## What you need to do
Under this line are records; the part from the line containing "雀舌未经三月雨是什么意思" through the line containing "Hà Nội: Chập" should be repeated exactly. Please exclude pictures.

## The data
-- -- --

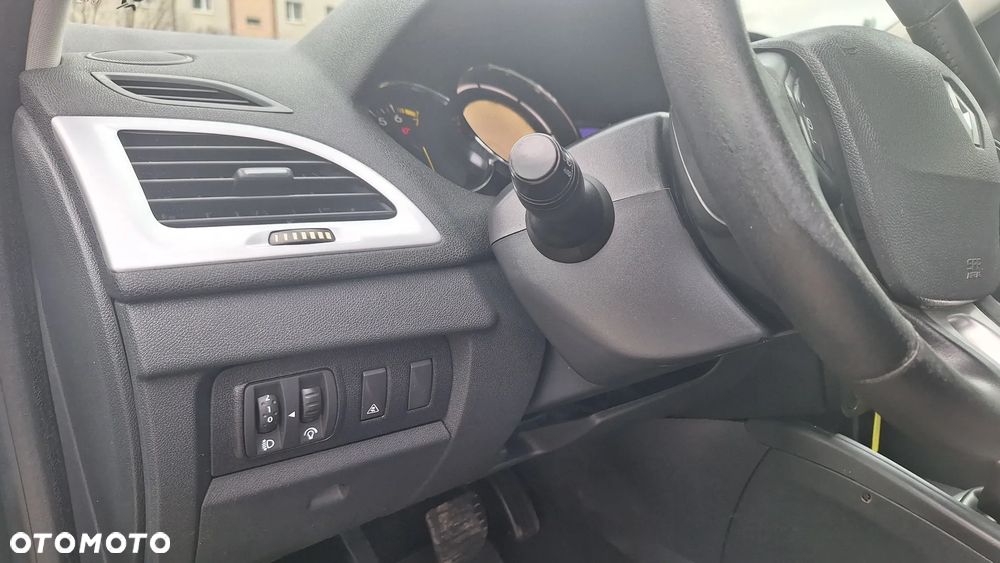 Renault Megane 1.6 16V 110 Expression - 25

-- -- --

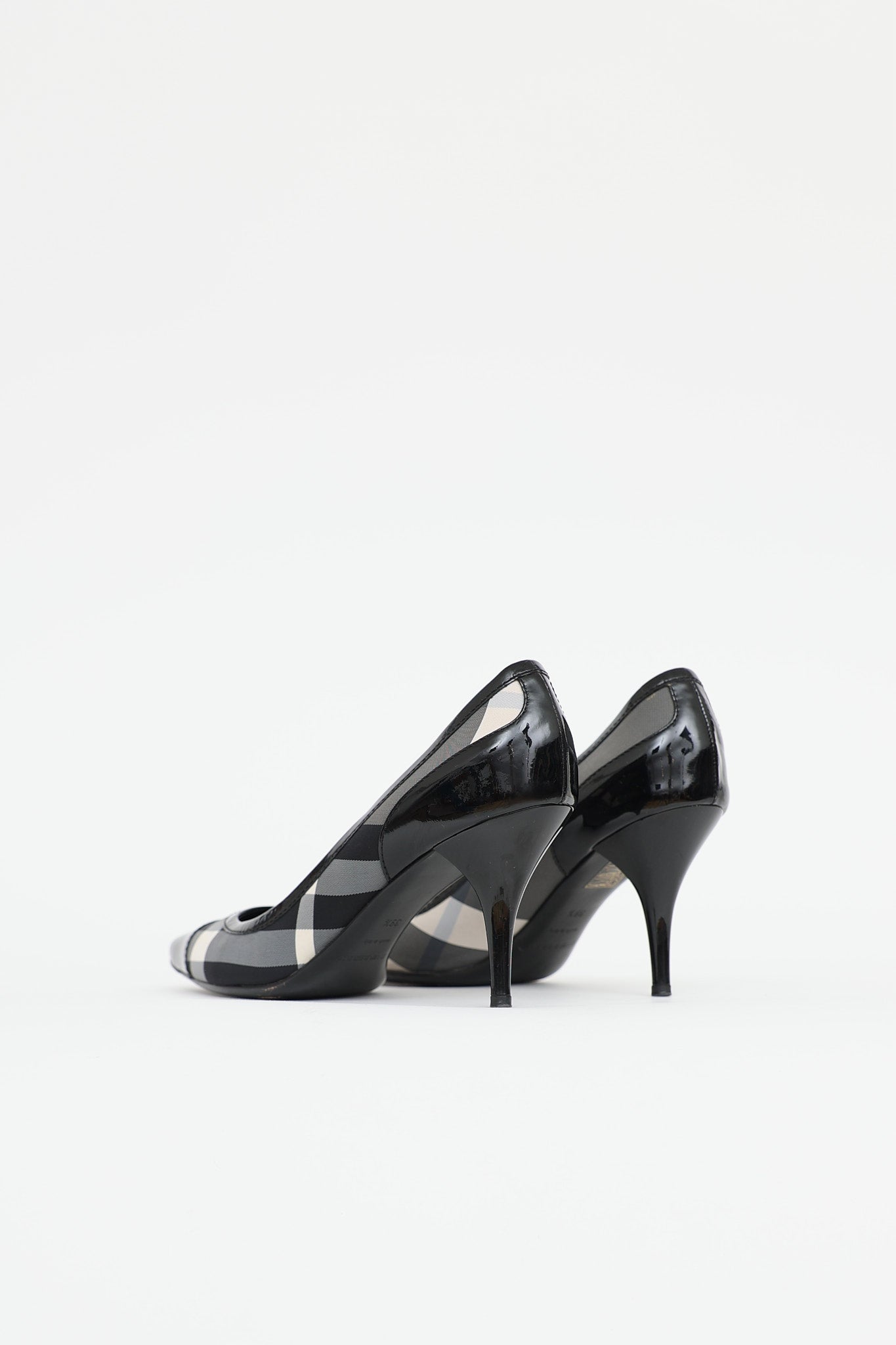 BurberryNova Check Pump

-- -- --

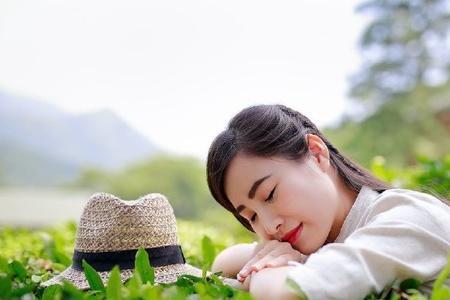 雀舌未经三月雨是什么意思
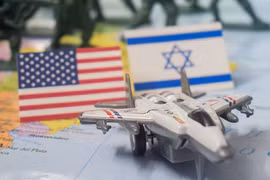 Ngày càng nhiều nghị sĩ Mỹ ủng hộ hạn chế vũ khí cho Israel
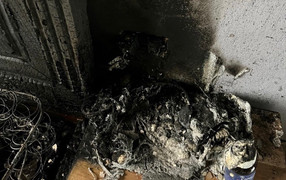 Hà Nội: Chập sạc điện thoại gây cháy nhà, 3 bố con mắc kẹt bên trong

-- -- --

## Output for this exercise
 雀舌未经三月雨是什么意思
 Ngày càng nhiều nghị sĩ Mỹ ủng hộ hạn chế vũ khí cho Israel
 Hà Nội: Chập sạc điện thoại gây cháy nhà, 3 bố con mắc kẹt bên trong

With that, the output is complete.